Case: 15-15417 Date Filed: 12/16/2016 Page: 1 of 2
[DO NOT PUBLISH]
IN THE UNITED STATES COURT OF APPEALS
FOR THE ELEVENTH CIRCUIT
________________________
No. 15-15417
________________________
D.C. Docket No. 5:15-cv-00206-CAR
ELAINE MARSHALL,
Plaintiff-Appellant,
versus
FREDERICK J. HANNA AND ASSOCIATES, P.C.,
Defendant-Appellee.
________________________
Appeal from the United States District Court
for the Middle District of Georgia
_______________________
(December 16, 2016)
Before WILLIAM PRYOR and ROSENBAUM, Circuit Judges, and
MARTINEZ, * District Judge.
PER CURIAM:
*
Honorable Jose E. Martinez, United States District Judge for the Southern District of Florida,
sitting by designation.
Case: 15-15417 Date Filed: 12/16/2016 Page: 2 of 2
The only issue in this appeal is whether the venue provision of the Fair Debt
Collection Practices Act, 15 U.S.C. § 1692i(a)(2), applies to garnishment
proceedings under Georgia law. That issue is controlled by recent binding
precedent. See Ray v. McCullough Payne & Haan, LLC, No. 16-11518 (11th Cir.

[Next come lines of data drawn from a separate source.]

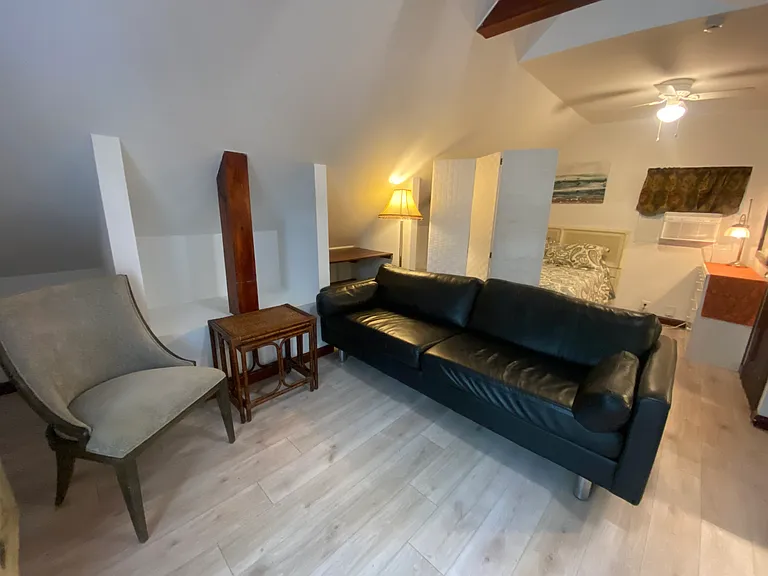 The studio has a comfy black leather sofa, guest chair, tables.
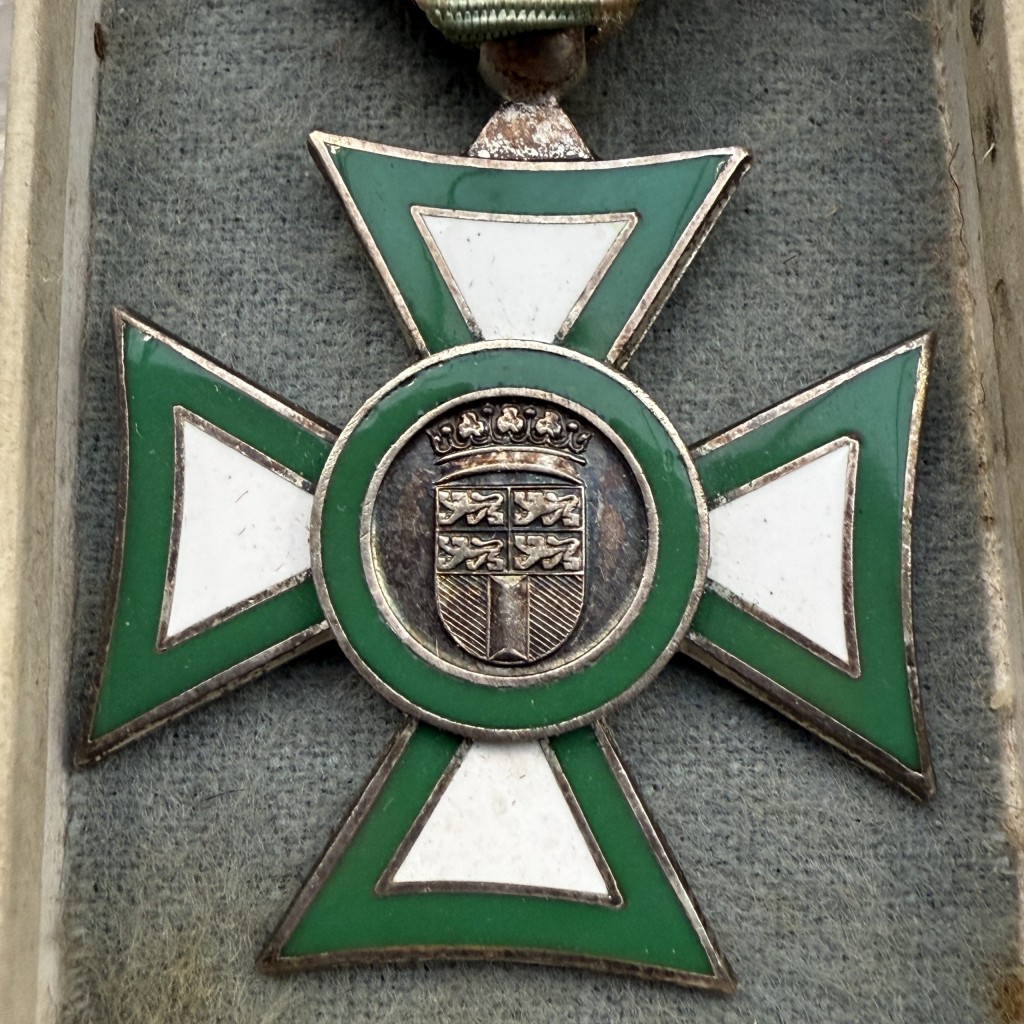 Close up van zeldzame originele herdenkingsmedaille Burgerwacht Rotterdam 1940 in groen geëmailleerd kruis met wit emaille, zilverkleurige rand, origineel lint en bewaardoos van Koninklijke Begeer Voorschoten, Nederlandse oorlogsgeschiedenis militaria.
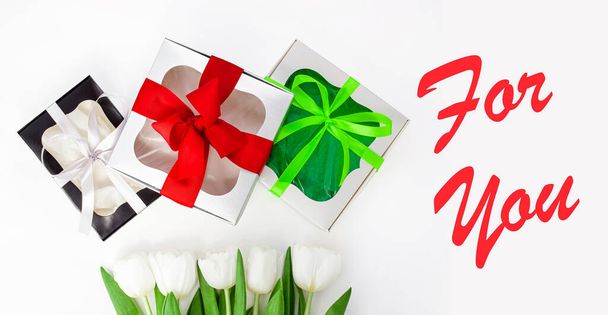 Voor U sms-bericht teken op lichte achtergrond. Witte tulp bloemen en papier geschenkdozen met kleurrijke lint strikken plat lay. Flower Bouquet gefeliciteerd wenskaart. Website banner bovenaanzicht - Foto, afbeelding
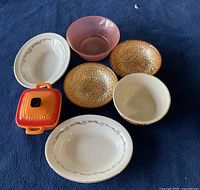 Top view of seven bowls of various types and colors laid on dark fabric.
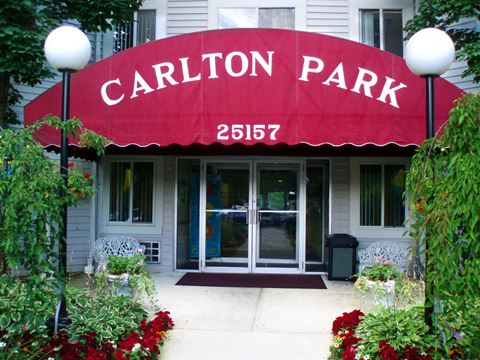 the entrance to the carillon park building with a red awning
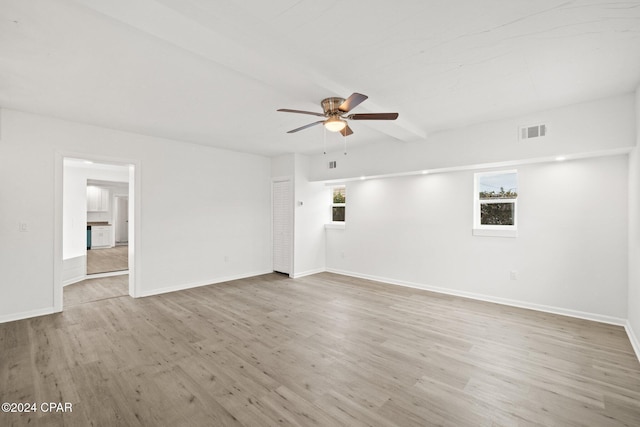 empty room featuring beamed ceiling, ceiling fan, and light hardwood / wood-style floors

Sept. 29, 2016). The venue provision of the Act requires “[a]ny debt collector who
brings any legal action on a debt against any consumer” to “bring such action only
in the judicial district . . . in which such consumer signed the contract sued upon;
or in which such consumer resides at the commencement of the action.” 15 U.S.C.
§ 1629i(a)(2). We held in Ray that the provision does not apply to garnishment
proceedings brought under Georgia law because those proceedings are
“fundamentally an action against the garnishee, not the consumer.” Ray, slip op.
at 8. Frederick J. Hanna and Associates obtained a judgment against Elaine
Marshall and then filed a garnishment action in Georgia against her employer.
Because this garnishment proceeding was against the garnishee, Marshall’s
employer, and not the consumer, Marshall, the venue provision of the Act does not
apply.
We AFFIRM the judgment of the district court.